I am doing literature review, so I am trying to get the list of papers under certain search terms in Google scholar. I have trouble getting the PDF links when available. Some references have PDFs, some do not, and others have up to two. I am interested in only the first one.
The nodes with the PDFs are located here ".gs_or_ggsm a", the problem is that when I try to get such information with:
PDFs <- page %>% html_nodes(".gs_or_ggsm a")%>% html_attr("href")
or
PDFs <- page %>% rvest::html_nodes(".gs_or_ggsm a") %>%
rvest::html_attr("href") %>%
.[startsWith(., "https://")] %>%
.[!startsWith(., "/scholar?")]
...the number of rows I get do not match the number of references. Is there a way to get NA for references with no PDFs, and for the others collect only the first one?
In the image below is an example for a full reference. Note the nesteness of the nodes, and how there are two href at the end. I would need only the one in blue.
library(tidyverse)
library(RSelenium)
library(rvest)
library(httr)
library(netstat)
TERM="Eriophyidae"
rD <- rsDriver(browser = "firefox",
chromever = NULL,
port = free_port())
remDr <- rD$client
# Function to extract data from a page
extract_data <- function(page_source) {
page <- read_html(page_source)
titles <- page %>% html_nodes(".gs_rt") %>% html_text()
authors <- page %>% html_nodes(".gs_a") %>% html_text()
years <- str_extract(authors, "\\d{4}")
authors <- str_replace(authors, "\\d{4}", "")
urls <- page %>% html_nodes(".gs_rt a") %>% html_attr("href")
# PDFs <- page %>% html_nodes(".gs_or_ggsm a")%>% html_attr("href") #This is the line with a problem
data.frame(Title_name = titles, Author_Names = authors, Year_Publication = years, Title_URL = urls )#, PDF=PDF)
}
# Function to search for a specific term on Google Scholar
search_google_scholar <- function(term) {
tryCatch({
remDr$navigate("https://scholar.google.com/")
search_box <- remDr$findElement("css", "#gs_hdr_tsi")
search_box$sendKeysToElement(list(term, key="enter"))
Sys.sleep(5) # Allow time for page to load
pages <- 2 # Number of pages to scrape
results <- data.frame()
for (page in 1:pages) {
page_source <- remDr$getPageSource()[[1]]
page_data <- extract_data(page_source)
results <- rbind(results, page_data)
next_button <- remDr$findElement("css", "#gs_n a")

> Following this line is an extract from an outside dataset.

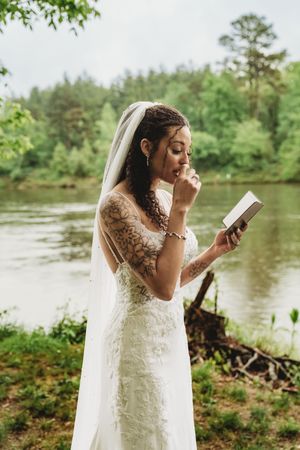 Tattooed bride in lace wedding dress and veil reads vows by a serene forest lake on her wedding day.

if (length(next_button) == 0) {
break
} else {
next_button$clickElement()
Sys.sleep(5) # Allow time for page to load
}
}
return(results)
}, error = function(e) {
message("An error occurred: ", conditionMessage(e))
NULL
})
}
search_results <- search_google_scholar(TERM)
# Close the browser
remDr$close()
# Stop the Selenium server
rD$server$stop()